Activity ▸ Print the line containing "Herren schwerer Fleece-Boxy-Hoodie" and all lines after it to the end of the records below, exactly as written. No pictures.

Material shown ▸
======

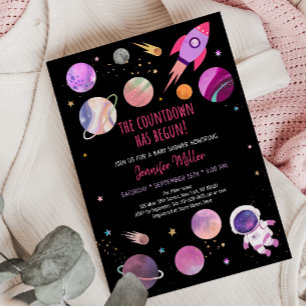 Rosa Girl Astronaut Space Baby Shower Inbjudningar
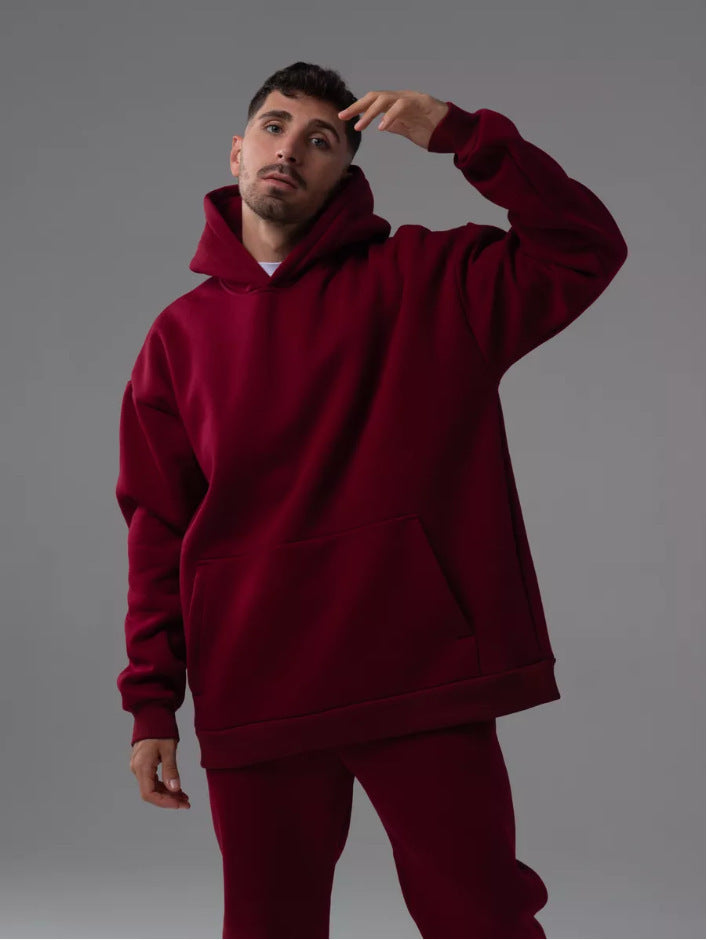 Herren schwerer Fleece-Boxy-Hoodie mit tiefem Schulterfall verstärkter Kapuze und Kängurutasche – Cavarno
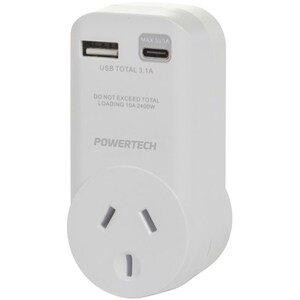 USB A & USB C Ports Charger with Mains Socket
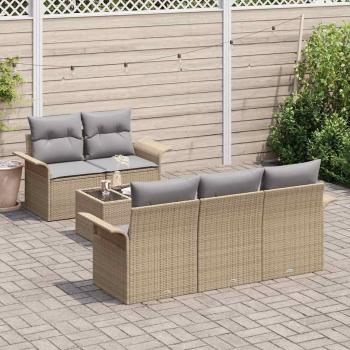6-teiliges Garten Sofa Set mit Kissen Beige Poly Rattan, 2-Sitzer Garten Sofa mit Stauraum & Kissen Beige Poly Rattan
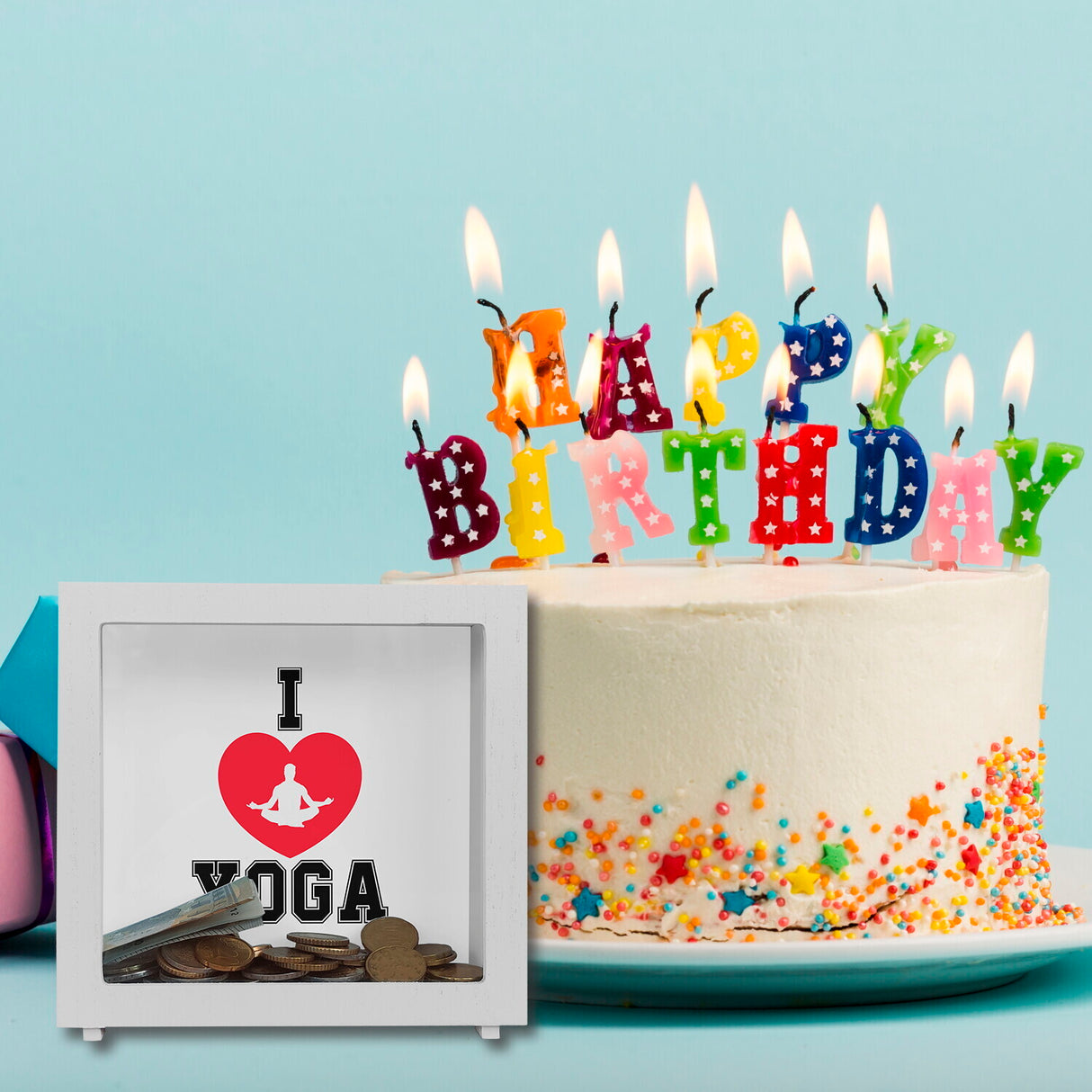 I love Yoga Spardose für Yogalehrer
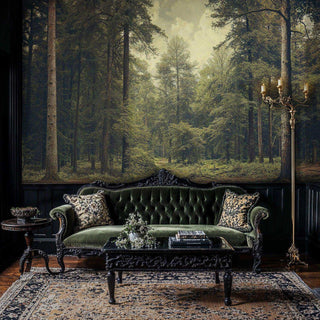 Forest landscape wall mural with golden light filtering through trees, displayed in elegant living room with green velvet sofa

======

Task answer ▸
 Herren schwerer Fleece-Boxy-Hoodie mit tiefem Schulterfall verstärkter Kapuze und Kängurutasche – Cavarno
 USB A & USB C Ports Charger with Mains Socket
6-teiliges Garten Sofa Set mit Kissen Beige Poly Rattan, 2-Sitzer Garten Sofa mit Stauraum & Kissen Beige Poly Rattan
 I love Yoga Spardose für Yogalehrer
 Forest landscape wall mural with golden light filtering through trees, displayed in elegant living room with green velvet sofa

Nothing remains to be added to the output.